**DIRECTIONS:**
Only the pictures are to be dropped, and the rest of the data should be copied exactly.

**DATASET EXTRACT:**
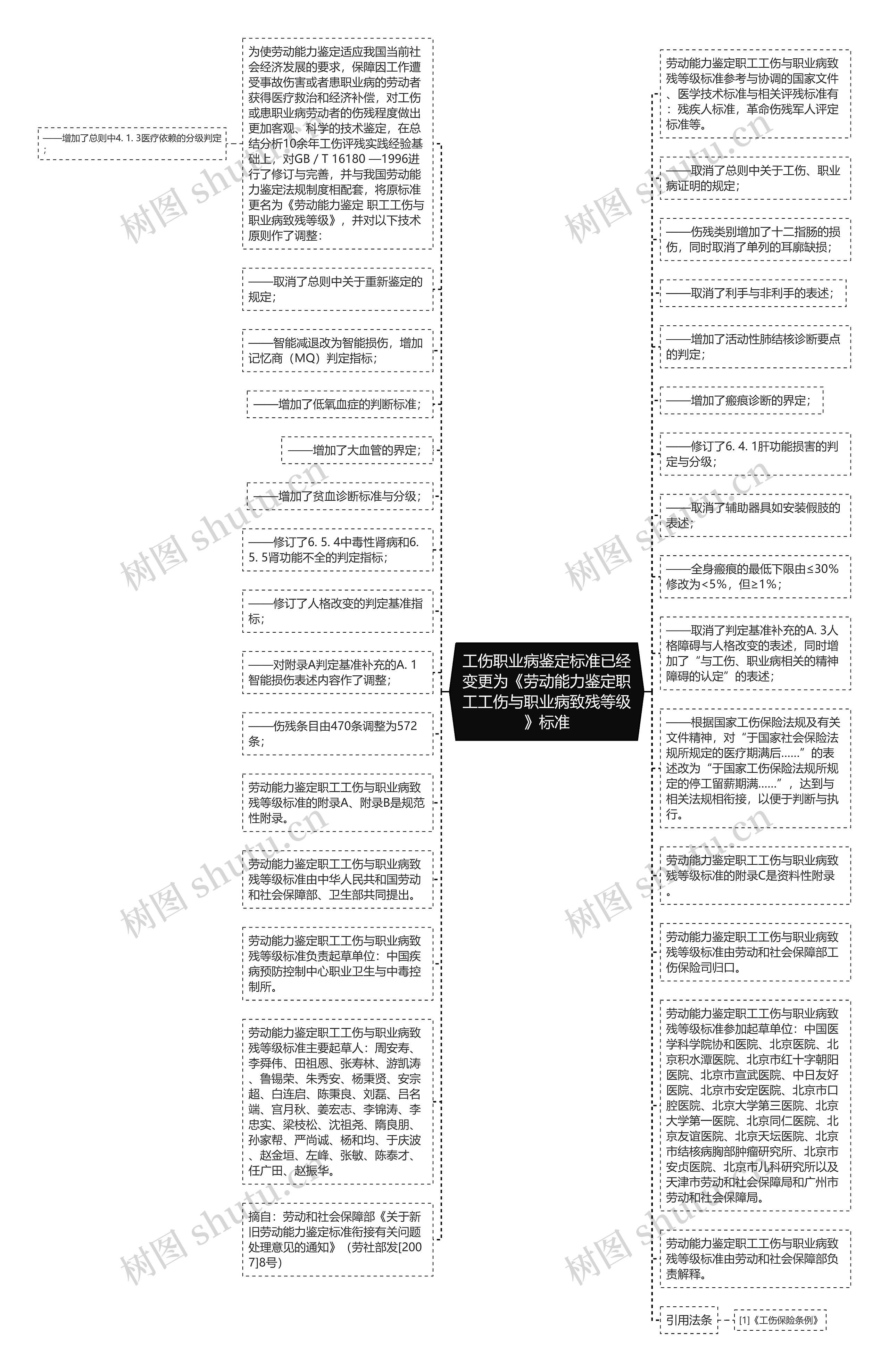 工伤职业病鉴定标准已经变更为《劳动能力鉴定职工工伤与职业病致残等级》标准思维导图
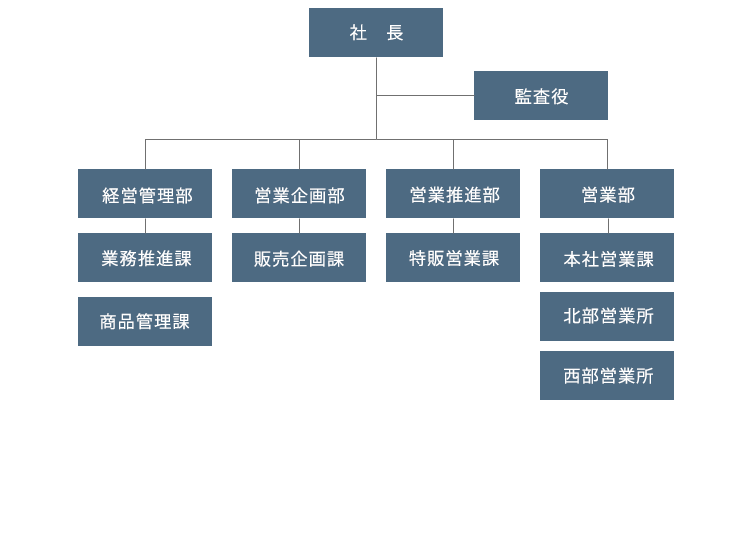 組織表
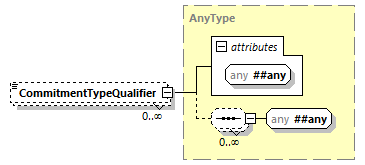 index_diagrams/index_p3096.png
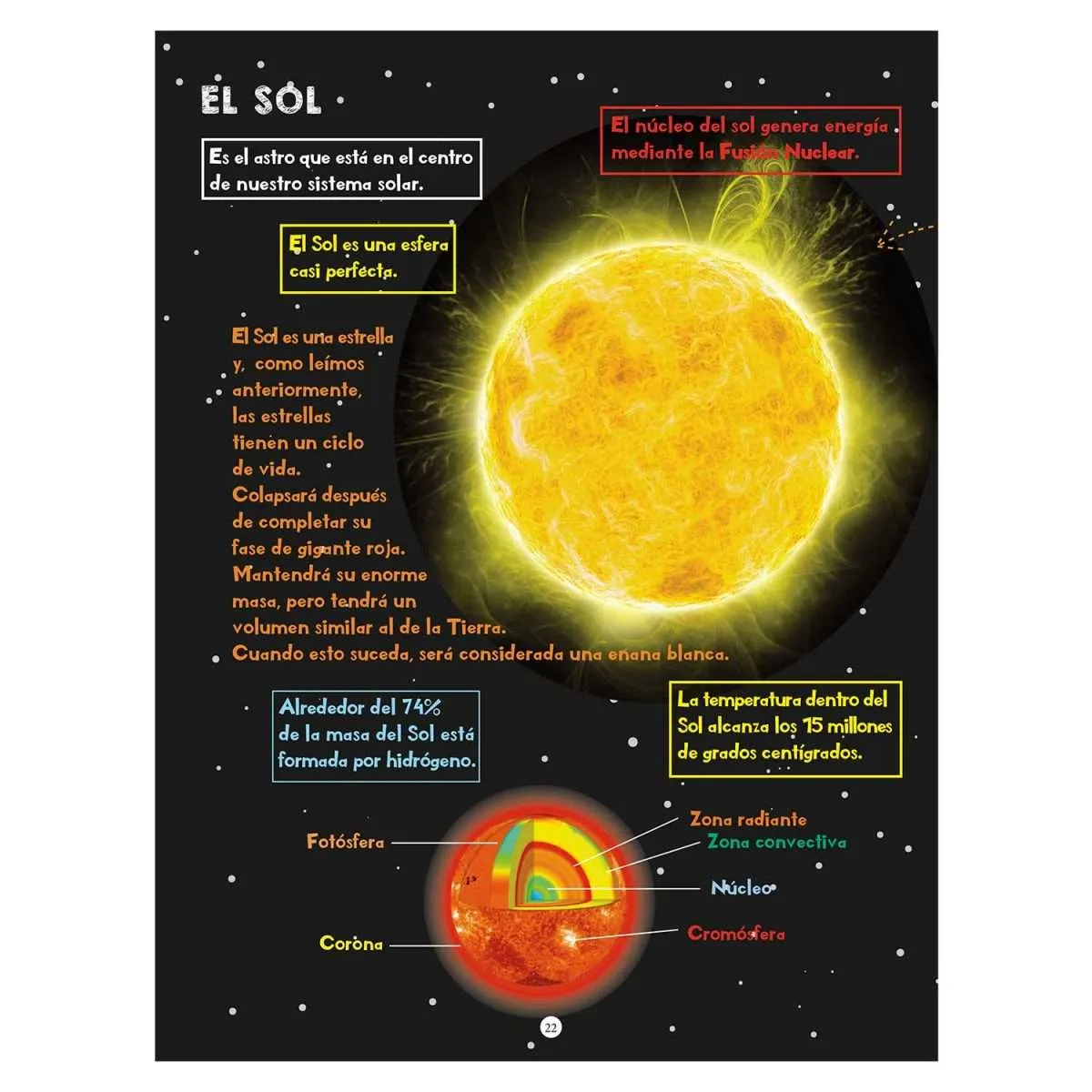Increíble Astronomía - Imagen 2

**TASK ANSWER:**
 工伤职业病鉴定标准已经变更为《劳动能力鉴定职工工伤与职业病致残等级》标准思维导图
 組織表
 index_diagrams/index_p3096.png
Increíble Astronomía - Imagen 2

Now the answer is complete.